On Tue, 22 Nov 2005, Alan Cox wrote:
>
> On Maw, 2005-11-22 at 11:13 +0000, David Woodhouse wrote:
> > Yes, there are drivers which are currently broken and assume irq 0 is
> > 'no irq'. They are broken. Let's just fix them and not continue the
> > brain-damage.
>
> 0 in the Linux kernel has always meant 'no IRQ' and it makes it natural
> to express in C (and on some cpus more efficient too).
Ahh, a voice of sanity!
> What if my hardware has an IRQ -1 ;)
And "-1" isn't actually a valid value in the first place.
The struct pci_device definition is:
unsigned int irq;
and anybody who uses -1 is just a total idiot and nincompoop. It's going
to be a major pain in the ass (others use "int irq", others use "unsigned
long irq").
Using (~0u) would be more correct, but still insane.
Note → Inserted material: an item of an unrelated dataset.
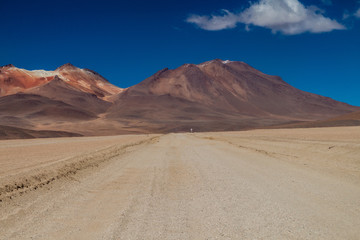 Dust road in Salvador Dali Desert in Eduardo Avaroa Andean Fauna National Reserve, Bolivia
The fact is, 0 _is_ "no interrupt". Always has been. And anybody who says
that "-1" is "correct" is just totally wrong. Making it -1 would be
guaranteed to generate tons of breakage, and most people won't ever even
notice, because in most cases the irq _is_ actually there, and you never
hit the path. Which just makes the breakage EVEN WORSE.
So David Woodhouse, you're just wrong. But hey, you seem to (sadly) not be
alone.
In short: NO_IRQ _is_ 0. Always has been. It's the only sane value. And
btw, there is no need for that #define at all, exactly because the way you
test for "is this no irq" is by doing "!dev->irq".
Anybody who does anything else is a bug waiting to happen.